I read about some possible solutions to reduce batch size, but when I reduce the batch_size to 16 and run the file, nothing happens. Does anyone have any idea how to solve this?
Here is my code:
class WritingDataset(Dataset):
def __init__(self, csv_file, root_dir, transform=None):
self.annotations = pd.read_csv(csv_file)
self.root_dir = root_dir
self.transform = transform
def __len__(self):
return len(self.annotations)
def __getitem__(self, index):
img_path = os.path.join(self.root_dir, self.annotations.iloc[index, 0])
image = io.imread(img_path)
y_label = torch.tensor(int(self.annotations.iloc[index, 1]))
if self.transform:
image = self.transform(image)
return (image, y_label)
# Set device
device = torch.device("cuda" if torch.cuda.is_available() else "cpu")
# Hyperparameters
in_channel = 3
num_classes = 2
learning_rate = 1e-3
batch_size = 32
num_epochs = 5
# Load Data
dataset = WritingDataset(
csv_file='english.csv',
root_dir='Img',
transform=transforms.ToTensor()
)
train_set, test_set = torch.utils.data.random_split(dataset, [3000, 410])
train_loader = DataLoader(dataset=train_set, batch_size=batch_size, shuffle=True)
test_loader = DataLoader(dataset=test_set, batch_size=batch_size, shuffle=True)
# Model
model = torchvision.models.googlenet(pretrained=True)
model.to(device)
# Loss and optimizer
criterion = nn.CrossEntropyLoss()
optimizer = optim.Adam(model.parameters(), lr=learning_rate)
# Train Network
for epoch in range(num_epochs):
losses = []
for batch_idx, (data, targets) in enumerate(train_loader):
# Get data to cuda if possible
data = data.to(device=device)
targets = targets.to(device=device)
# forward
scores = model(data)
loss = criterion(scores, targets)
losses.append(loss.item())
# backward
optimizer.zero_grad()
loss.backward()
# gradient descent or adam step
optimizer.step()
print(f"Cost at epoch {epoch} is {sum(losses)/len(losses)}")
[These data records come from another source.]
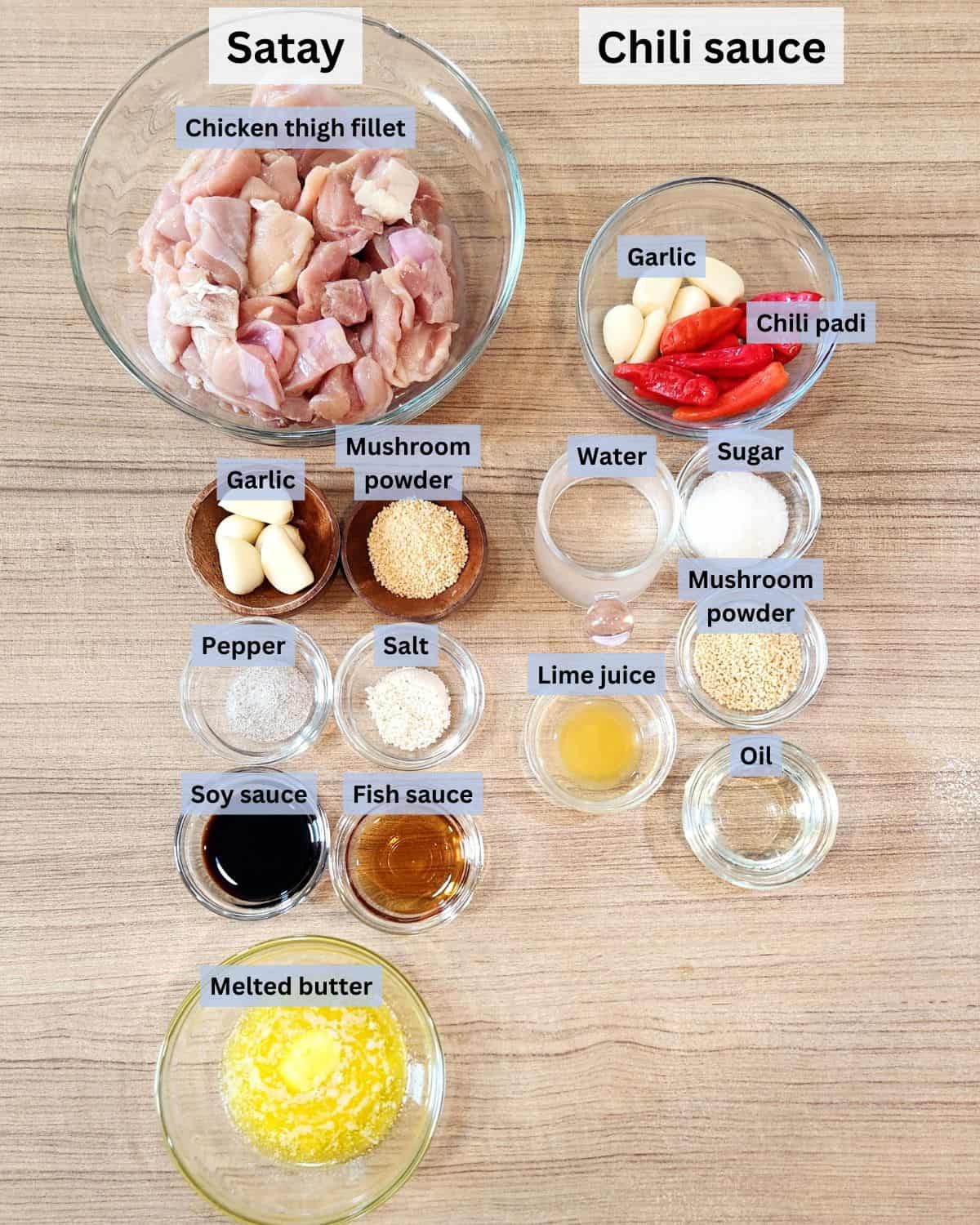 Sate taichan ingredients with labels.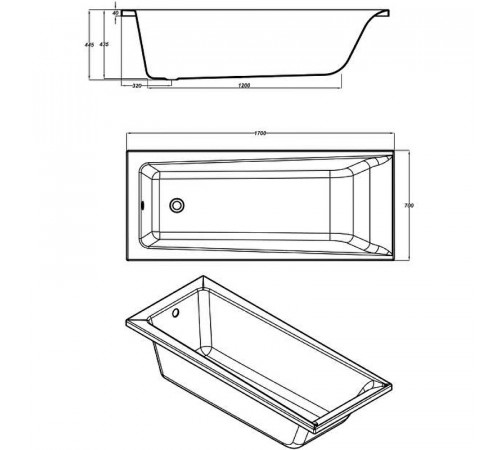 Акриловая ванна Cersanit Lorena 170х70 64265 (63323) без гидромассажа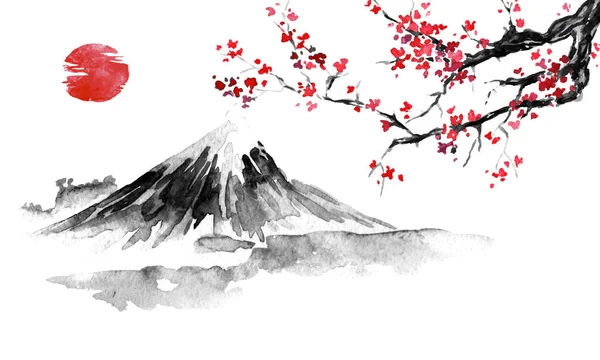 Geleneksel Japon sumi tablosu. Fuji dağı, sakura, gün batımı. Japon güneşi. Hint mürekkebi çizimi. Japonca resim.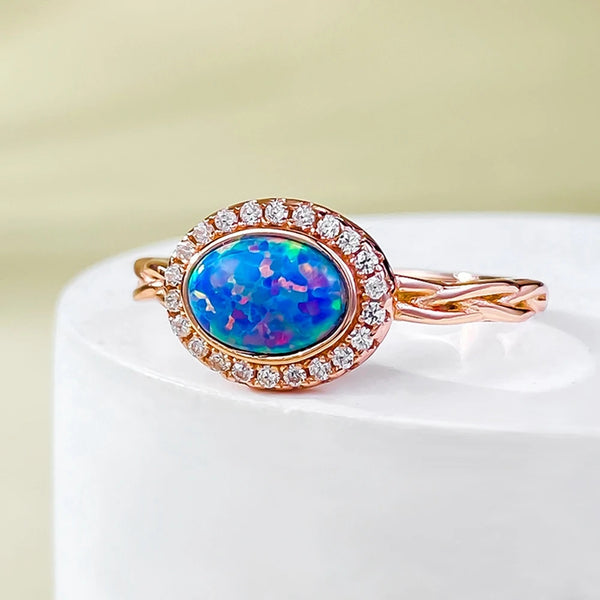 Wong Rain Vintage 18K Gold Plated 925 Sterling Silver Oval Cut 5*7 MM Opal High Carbon Diamond Gemstone Ring For Women Jewelry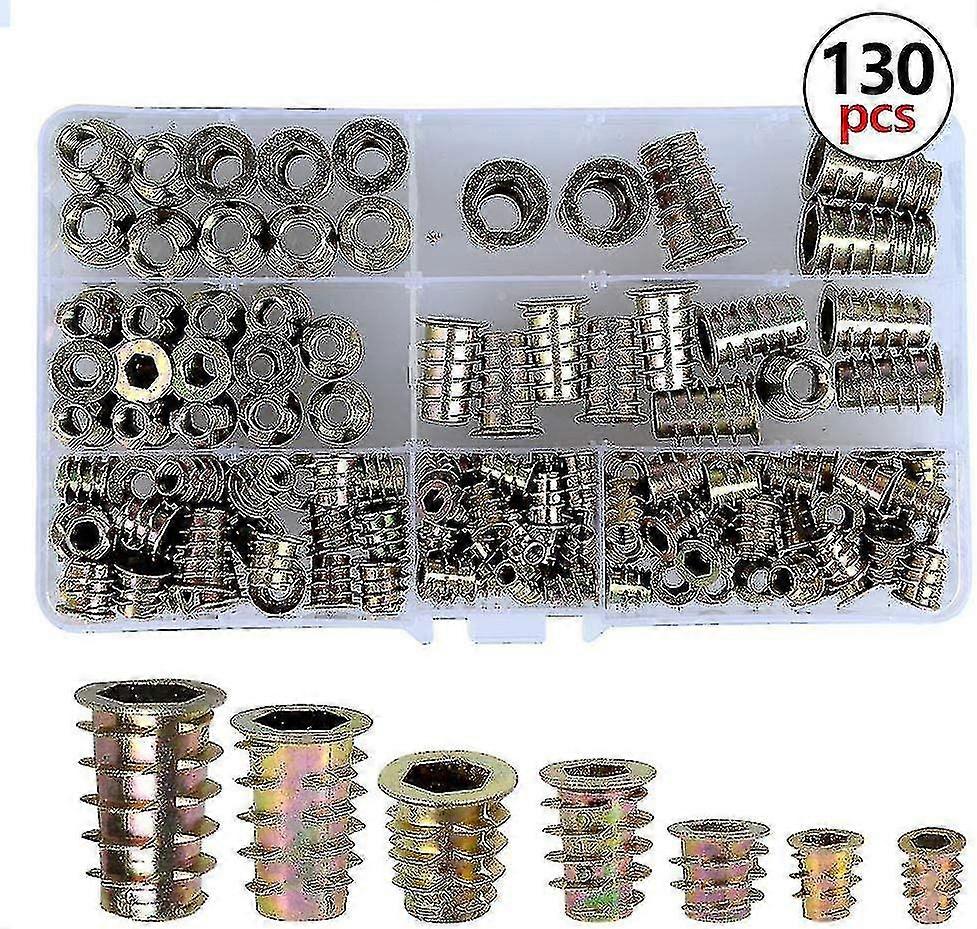 Zinc Alloy Hex Nuts, 130pcs Hex Socket Nut Inserts, Insert Threaded Nut, M4/5/6/8/10, For Woodworking, Carpentry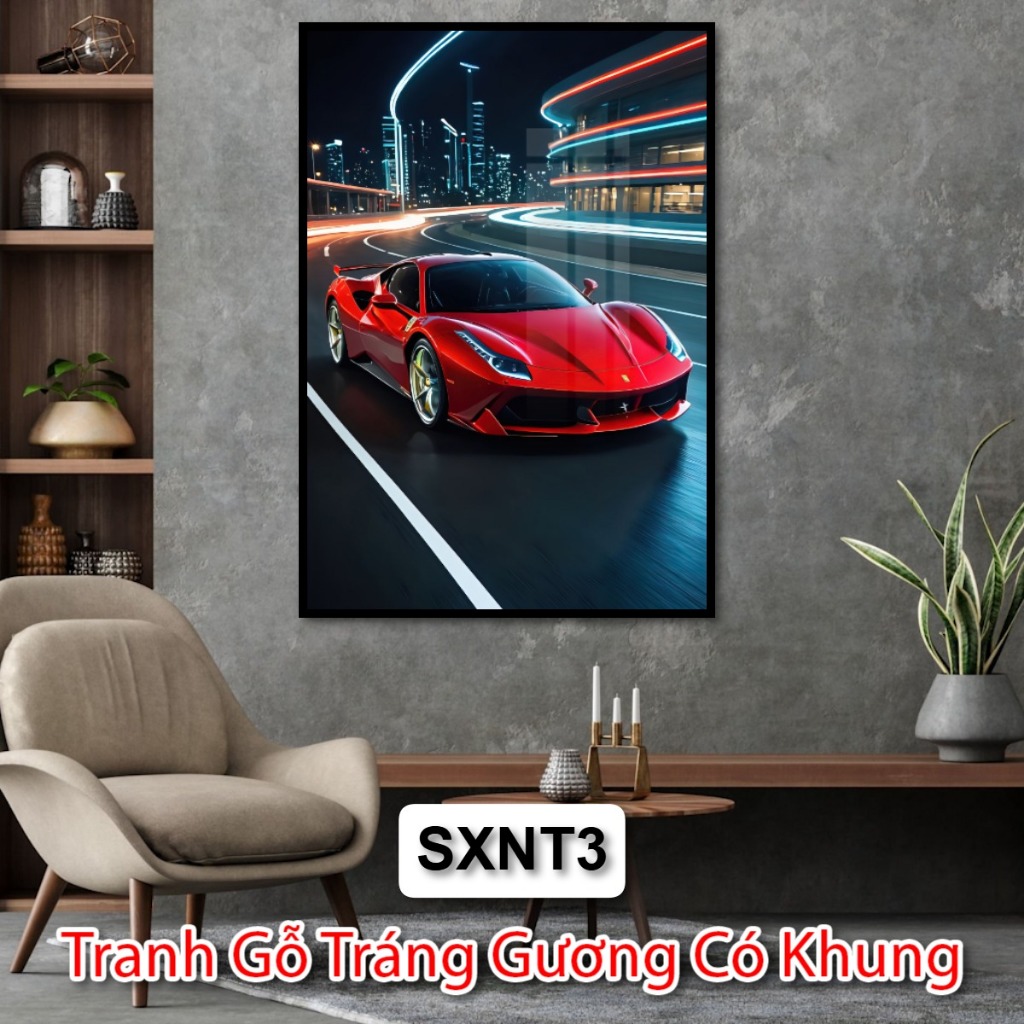 Tranh Treo Tường Siêu Xe Nghệ Thuật - Tranh Tráng Gương Chủ Đề Siêu Xe - Tranh Trang Trí Phòng Khách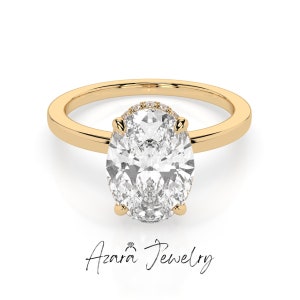 1-3 Carat Solitaire Oval Lab Grown D Color VS Diamond Ring - Hidden Halo Engagement Ring- 14k Gold Solitaire Minimalist Ring - IGI Certified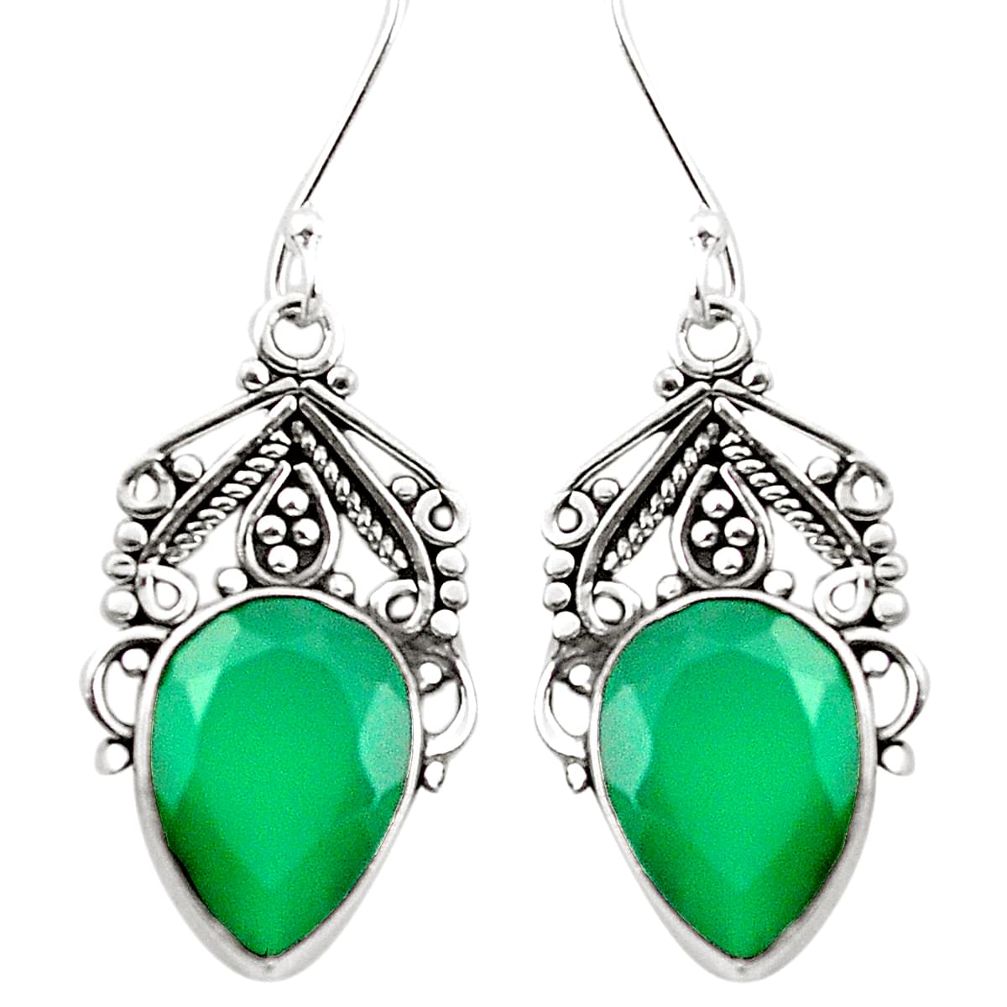 Natural green emerald 925 sterling silver dangle earrings m43223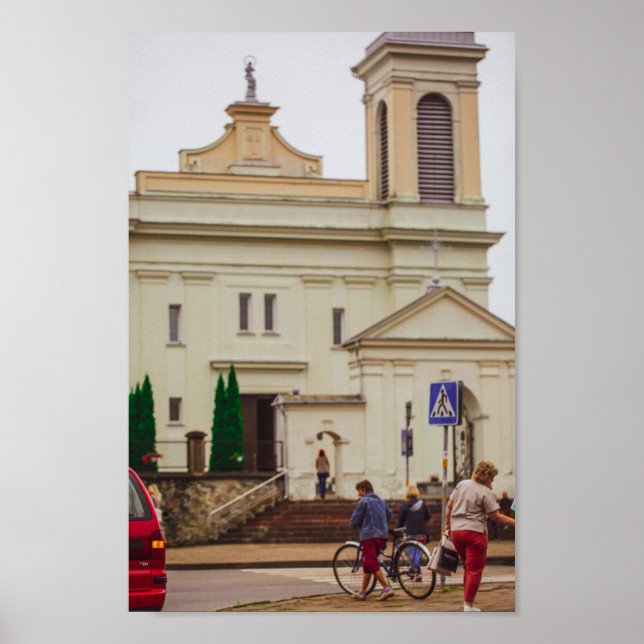 Poster Arquitetura de Volkovysk Vawkavysk na Bielorrússia (Frente)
# Check accuracy on training & test
def check_accuracy(loader, model):
num_correct = 0
num_samples = 0
model.eval()
with torch.no_grad():
for x, y in loader:
x = x.to(device=device)
y = y.to(device=device)
scores = model(x)
_, predictions = scores.max(1)
num_correct += (predictions == y).sum()
num_samples += predictions.size(0)
print(
f"Got {num_correct} / {num_samples} with accuracy {float(num_correct)/float(num_samples)*100:.2f}"
)
model.train()
If you have enough VRAM memory, try to increase the pagefile (virtual memory) size. The better option is to set 'System managed', or manually increase it to higher values.